Here is the thing nagging at me, because I should say it.

The attorney on Tuesday is going to ask whether I have had any preliminary conversations about potential clients. Three days ago, the answer was no. Now the answer is something. I don’t think I’ve done anything wrong. She is a former colleague, not a current or former client of my employer. Nothing in my employment agreement, from what I understand of it, restricts contact with former colleagues who went in-house somewhere else entirely.

But I sent that email four days before the consultation. I notice I am slightly less settled about Tuesday than I was Thursday. That’s new. I’m going to put it in the folder with the other things I haven’t worked out yet. The folder is getting heavy.

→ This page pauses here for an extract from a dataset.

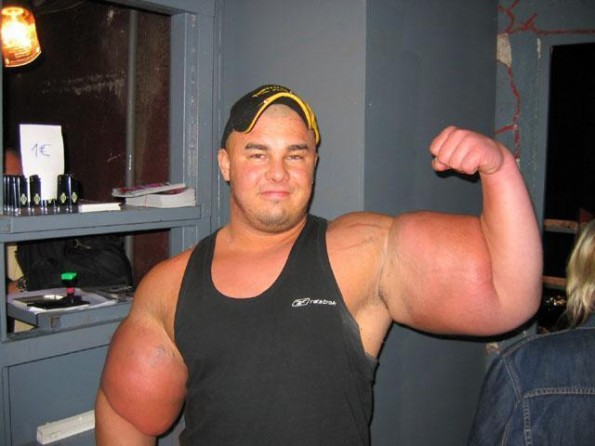 Synthol addict - all girls will admire him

What I know this morning: one email sent, one response outstanding, one attorney meeting in four days, five more names in my phone I have not called. A date in November that I have said out loud exactly once.

The six sentences are in her inbox. She has read them, or she will. That part is done.

I don’t know what she’ll say. I don’t know what the attorney will make of the timing. I don’t know if what I felt after hitting send was anti-climax or just proportionate response to a proportionate action. I’m working on not needing to decide which one before she writes back.